Some forty years later I got a copy of a school alumni directory. This is one of those directories where the compilers make an attempt to contact every alumnus of the school to collect data about their spouse, number of kids, occupation, and so on. Having lost touch after so many years I was curious about those with whom I had attended high school. I guess a good many others were equally curious.
After I received my directory in the mail, I spent a good bit of time looking up those folks from my past to see where they were now and how their lives compared to mine. When I came to Minnie's name there was no indication that she had ever been married or had any children. She still lived in the area and for occupation the listing indicated that she was a care provider for the elderly.

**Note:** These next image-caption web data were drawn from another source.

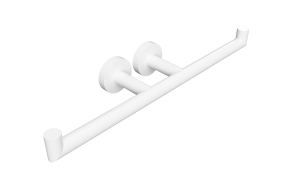 X-ROUND WHITE Double Toilet Paper Holder with 2 fixings, white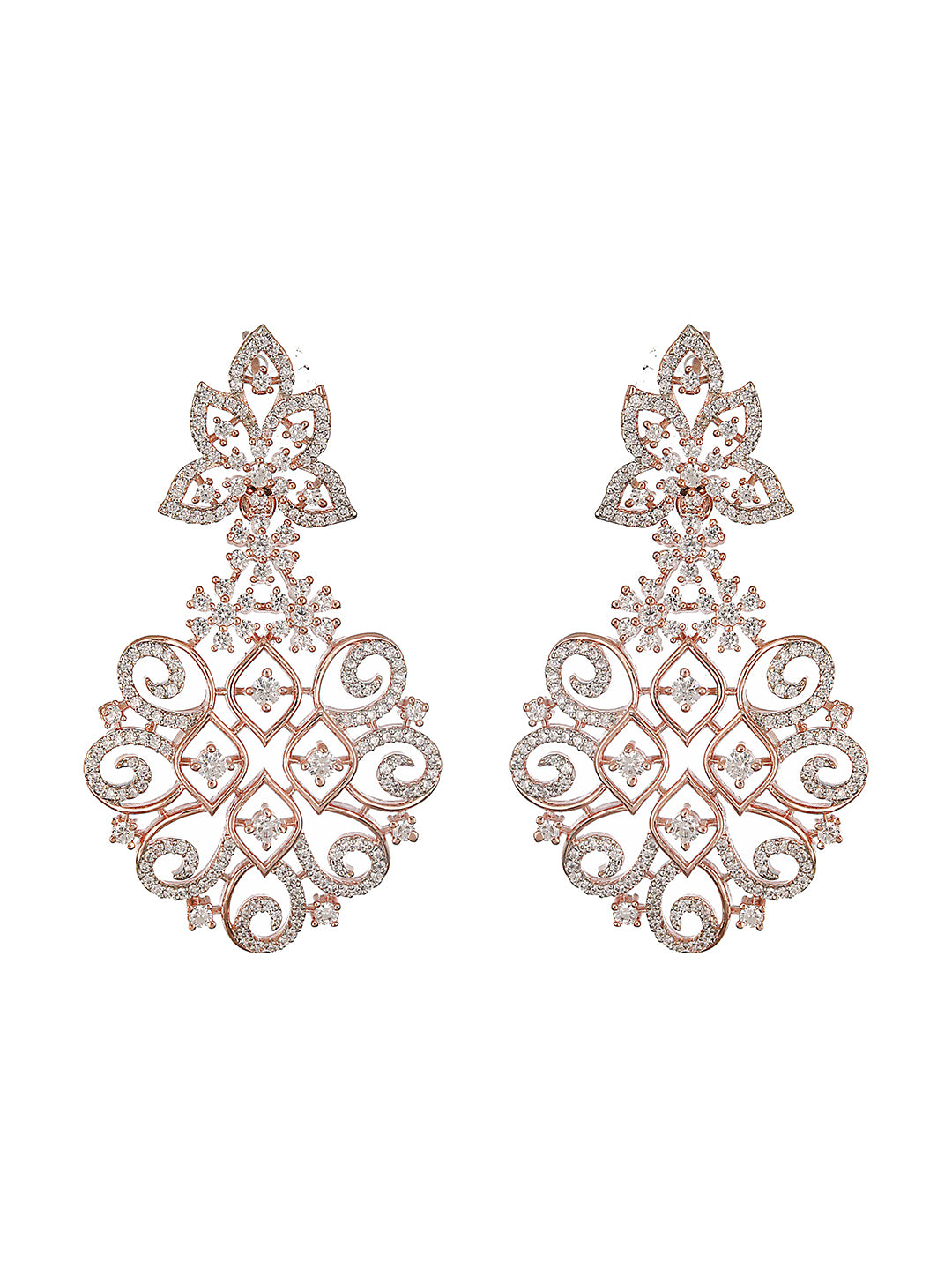 Rose Gold Plated AD Studded Luxe Chandelier Designer Earrings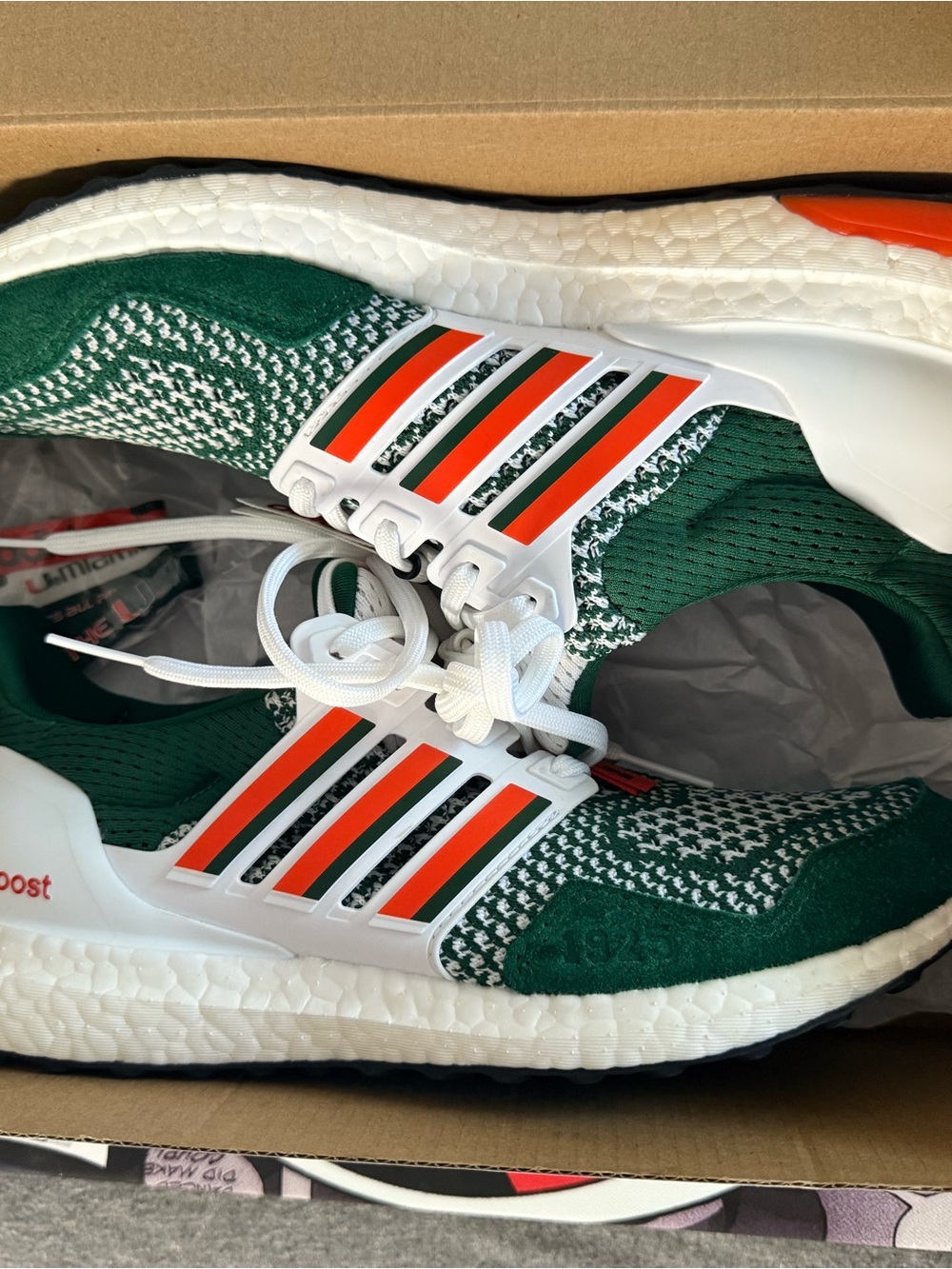 Adidas Ultra Boost 1.0 “Miami” Green Knit Sneakers with White & Orange Stripes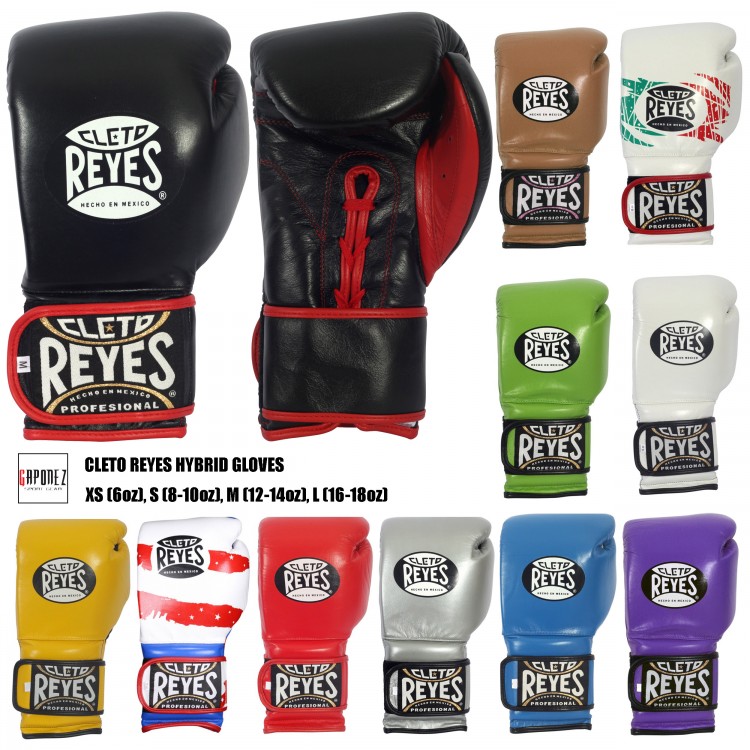 Cleto Reyes Lace Up Hook and Loop Hybrid Boxing Gloves White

Betty Rose was not listed in the main part of the directory. Looking in the index where all students were listed by graduation year I found Betty Rose's name listed. She was among those few designated as "Address Unconfirmed". This meant that she had either not filled out the information request that had been sent to her or she had never received one.

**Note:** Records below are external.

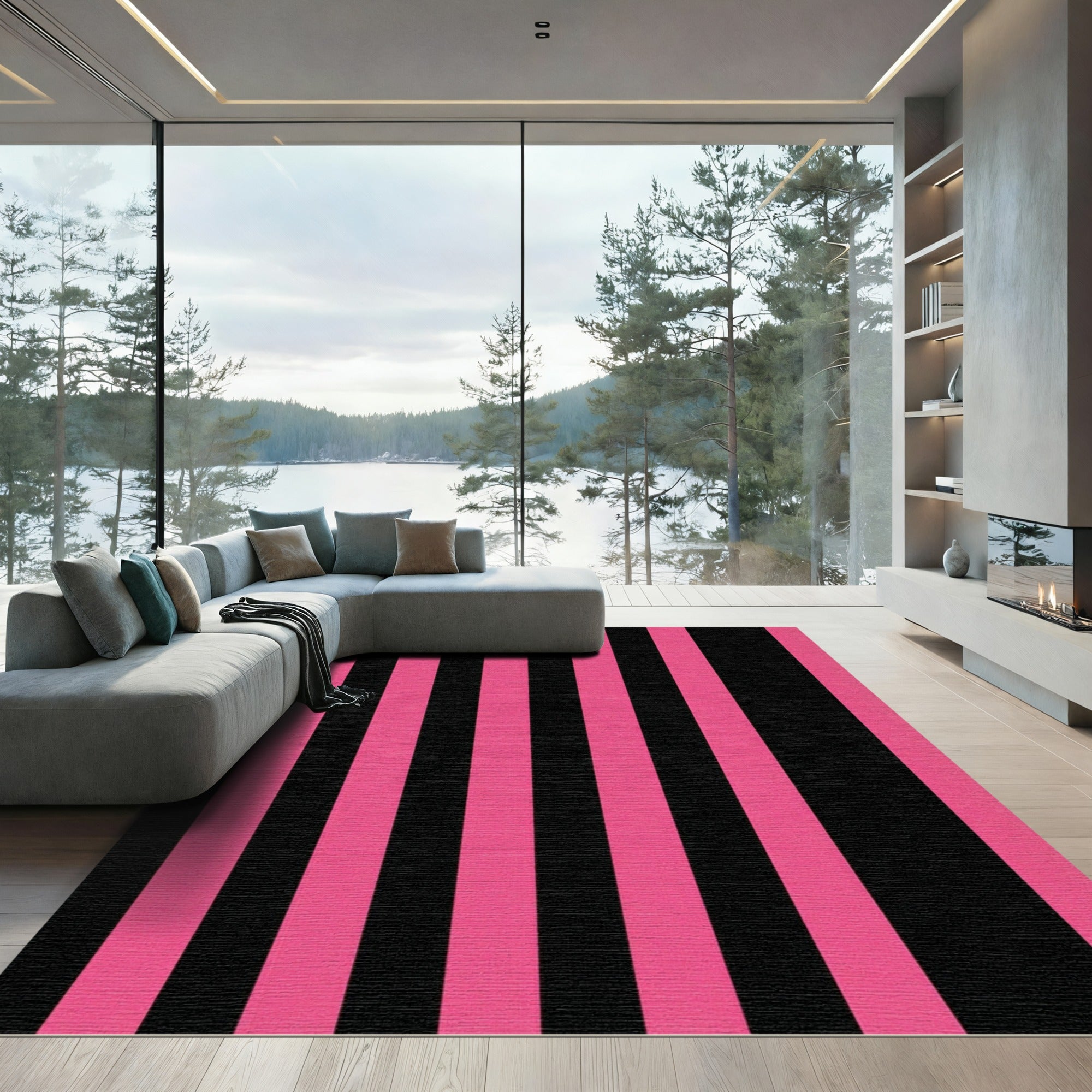 Bold Hot Pink Black Vertical Stripes Rug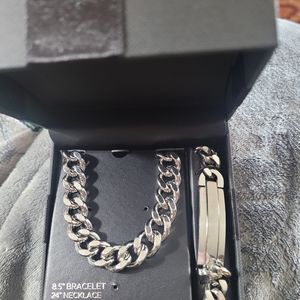 Mens Chain and Braclet Set
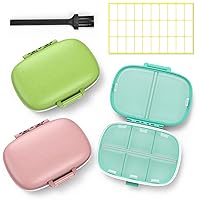 3 Pack 8 Compartments Travel Pill Box,Pill Organizer 7 Days Moisture Proof Small Pill Case for Pocket Purse Daily Portable Medicine Vitamin Holder Container(Pink+Blue+Green)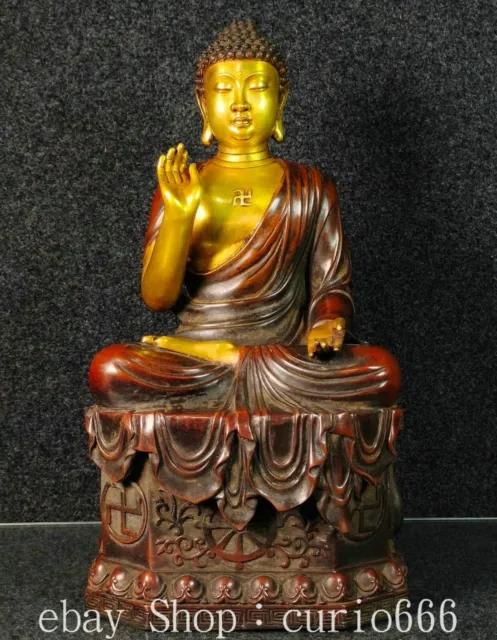 15.7'' Old Tibet Bronze Gold Gilt Shakyamuni Sakyamuni Amitabha Buddha Statue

Another pang of sadness welled within me. Had high school been so painful for her that she had tried to run away or forget it after so many years? What had happened to her after graduation and had the experience of high school scarred her in later life? I suppose I'll never know. I don't know if anyone else cares whether they know or not. Betty Rose might even prefer that no one ever knows what happened to her. I hope things turned out well for her.
Do you remember any of the outcast students in your school? Do you know what happened to any of those students? Did you ever befriend any students who were treated poorly by others?